Pisarski, Emily C., Wirth, Edward F., Pennington, Paul L., Hartwell, Ian, Shaddrix, Brian S., Whitall, David R., Apeti, Dennis A., and Baker, Gregory . 2021. Assessment of the efficacy of six field cleaning protocols for hydrocarbon quantification. Environmental Science and Pollution Research, 28, 32310–32320. https://doi.org/10.1007/s11356-021-12896-9

Data/Report Type:

Peer-Reviewed Publication


The defensibility of field sampling data collected in support of natural resource damage assessments and other environmental investigations depends on rigorous quality assurance and control both in the field and laboratory. One important step in field procedures is the cleaning of sampling equipment between samples to minimize the carryover of contaminants. Large-scale sampling efforts during the Deepwater Horizon oil spill event have highlighted the importance of understanding how multiple equipment cleaning protocols affect interstation cross-contamination and the resulting chemical data quality. In this study, six field cleaning techniques were tested on metal sampling equipment using two different sediment types spiked with crude oil in order to understand their relative and absolute effectiveness in reducing chemical carryover. The complexity of the cleaning protocols ranged from a simple water and scrub brush application to protocols that included soap and/or solvent. In this study, percent residual hydrocarbon transfer, relative to total loading in sediments, never exceeded 0.032%. The least labor-intensive protocol, water and scrub brush application, had the highest potential for hydrocarbon transfer (0.011–0.032%).
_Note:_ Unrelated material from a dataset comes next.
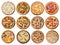 Big set of different pizzas: Ham with mushrooms, Barbecue, Peperoni`s, Mexican, Chicken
Statistical differences were observed among treatments, and it was found that protocols containing a solvent step were more effective than protocols without solvents. Depending on the data quality objectives, the differences may not be meaningful, and choosing a cleaning technique should be governed by health, safety, and environmental factors. The residual hydrocarbons measured after equipment cleanings for all techniques in this study were negligible when compared with other variables that occur during routine sampling and laboratory activities.